Prompt: Could you retype the lines below, starting at the line holding "knitting) YS1-700-# FHX" and stopping at the line holding "HUDSON JEANS WOMENS", inclusive? Copy them exactly and drop the images.

The data:
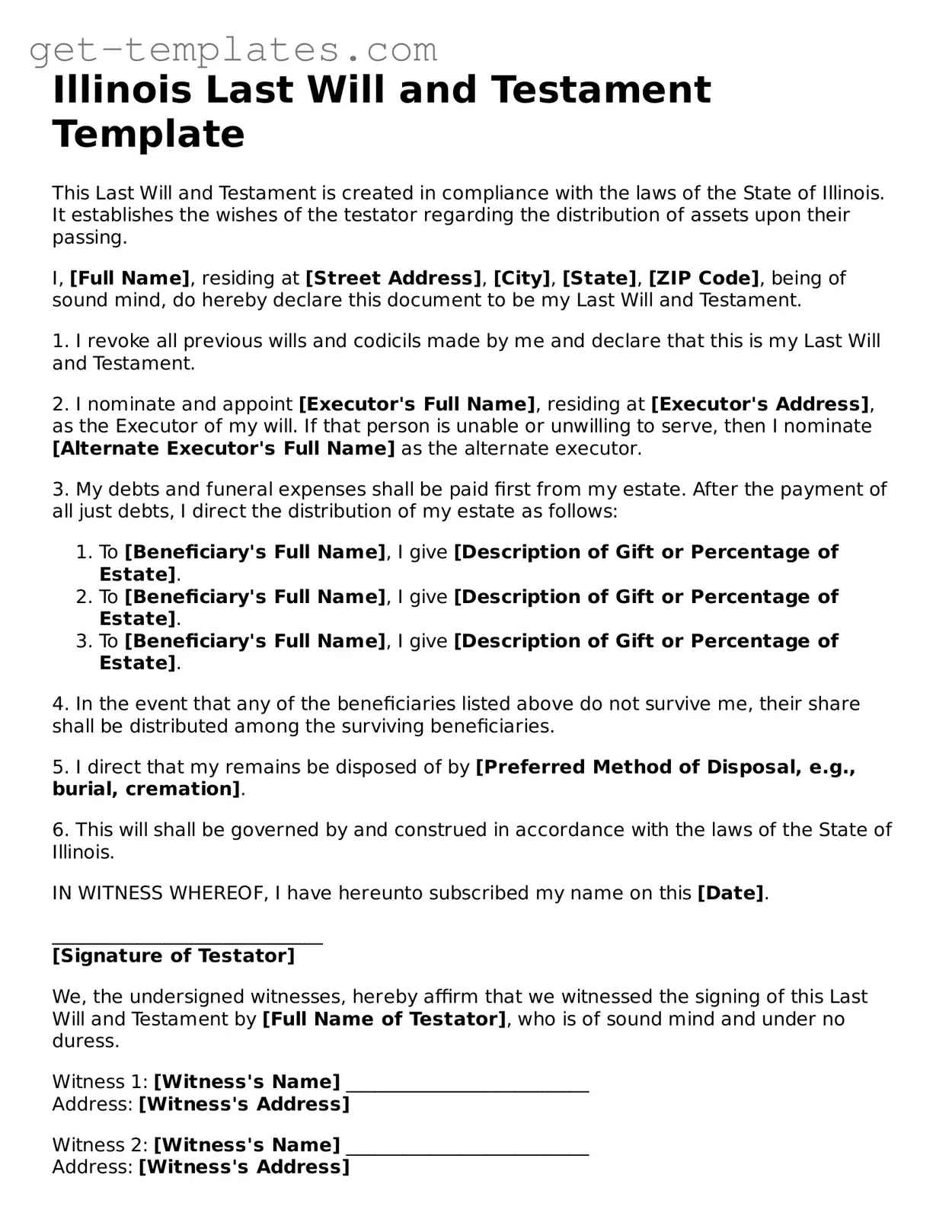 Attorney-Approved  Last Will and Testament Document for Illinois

* * *

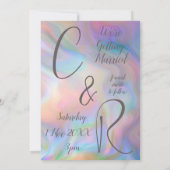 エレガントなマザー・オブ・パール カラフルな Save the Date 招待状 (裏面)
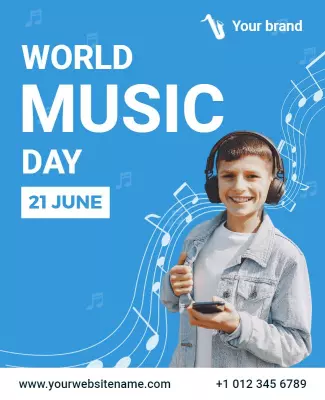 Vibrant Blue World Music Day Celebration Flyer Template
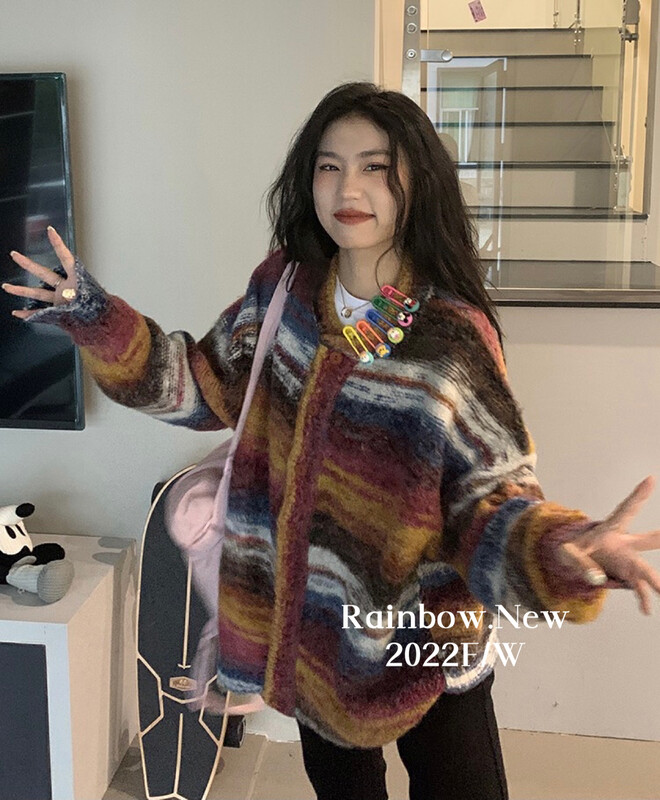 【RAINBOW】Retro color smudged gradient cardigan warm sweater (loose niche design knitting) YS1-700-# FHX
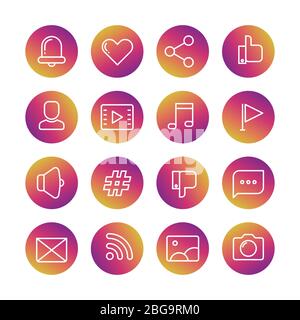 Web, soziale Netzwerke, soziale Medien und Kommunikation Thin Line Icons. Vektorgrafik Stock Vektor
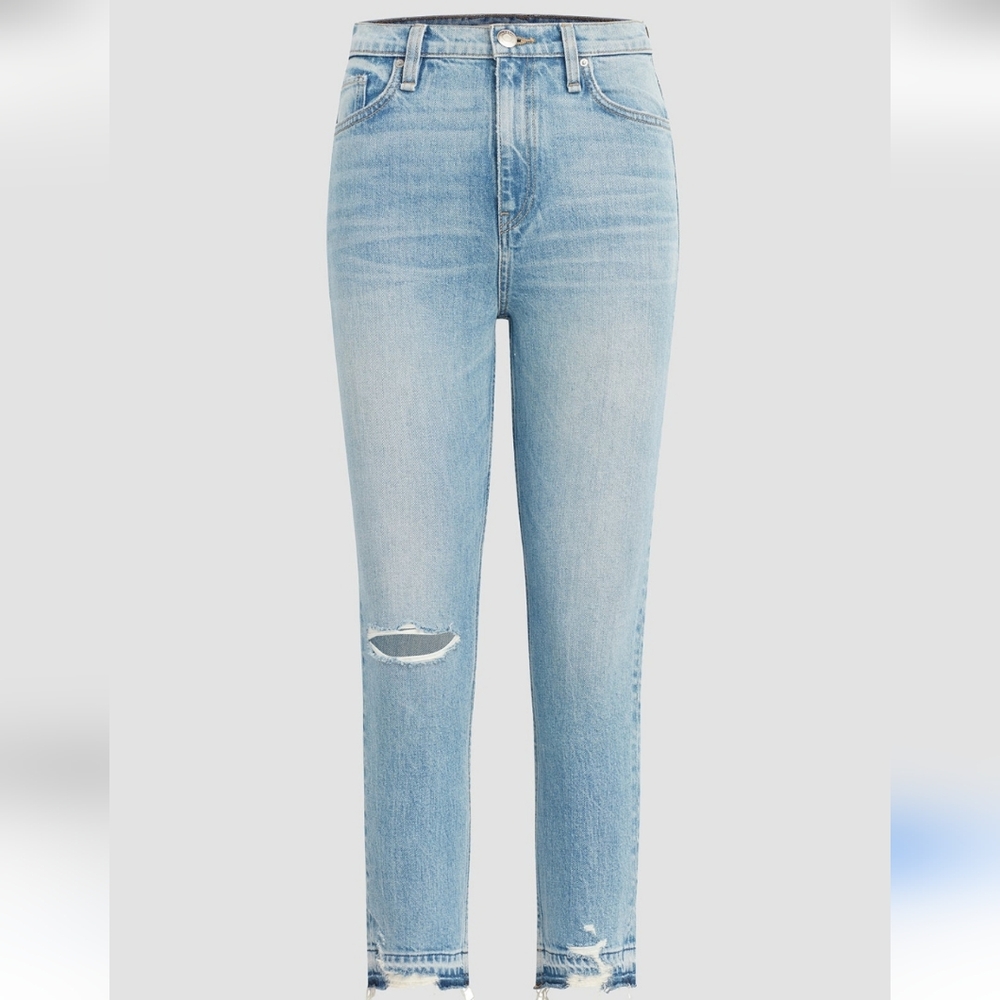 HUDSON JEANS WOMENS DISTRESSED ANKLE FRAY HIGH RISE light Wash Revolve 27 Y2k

Final answer:
 【RAINBOW】Retro color smudged gradient cardigan warm sweater (loose niche design knitting) YS1-700-# FHX
 Web, soziale Netzwerke, soziale Medien und Kommunikation Thin Line Icons. Vektorgrafik Stock Vektor
 HUDSON JEANS WOMENS DISTRESSED ANKLE FRAY HIGH RISE light Wash Revolve 27 Y2k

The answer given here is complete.